Under Section 80E of the Income Tax Act, the entire interest you pay on an education loan is deductible from your taxable income with no upper limit. The deduction is available for a maximum of 8 years starting from the year your repayment begins, or until the interest is fully repaid, whichever is earlier. Only interest qualifies — the principal does not — and your saving is the interest paid multiplied by your income-tax slab.
If you add (capitalise) simple interest to the principal during the moratorium, you pay nothing while studying but your loan grows, so the post-study EMI and total cost are higher. If you service the interest monthly during the moratorium, you pay a small amount each month while studying, the principal stays the same, and your post-study EMI and overall interest are lower. Servicing interest is cheaper if you can afford the monthly outgo; capitalising is easier on cash flow during the course.

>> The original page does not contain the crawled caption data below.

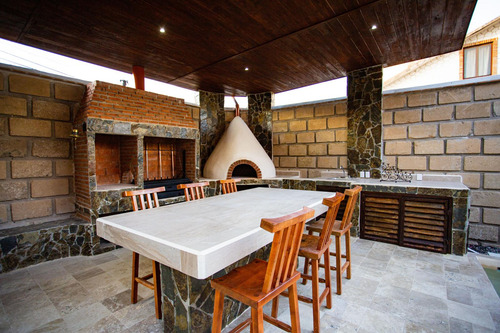 Casa En Renta Con Alberca Calefactada, 5 Recámaras En Los Frailes San Miguel De Allende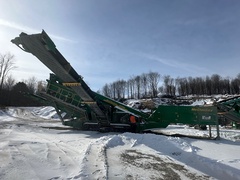 2019 MCCLOSKEY S250 3D - Image 8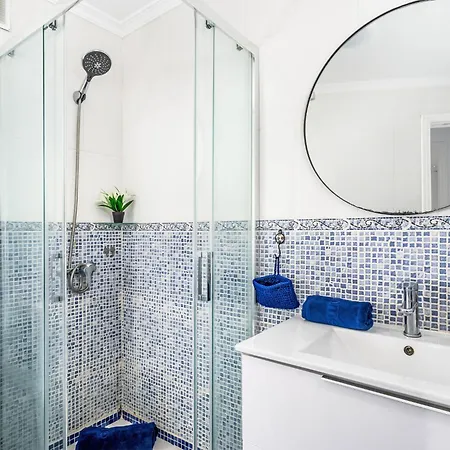Diana By Interhome Benalmádena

You may be eligible for government support such as the Central Sector Interest Subsidy (CSIS), which can cover the interest during the moratorium for students from economically weaker sections studying in India at approved institutions. Many lenders also accept applications through the Vidyalakshmi portal, a single window for education loans and subsidy schemes. Eligibility depends on income limits, the course and the institution; any subsidy is applied by the lender and is not included in the estimate above.
It is an indicative estimate. Your real EMI depends on the interest rate the lender offers for your course and profile, the exact moratorium and repayment tenure sanctioned, how interest is treated during the moratorium, and any subsidy you qualify for. We confirm the final numbers with you before you commit.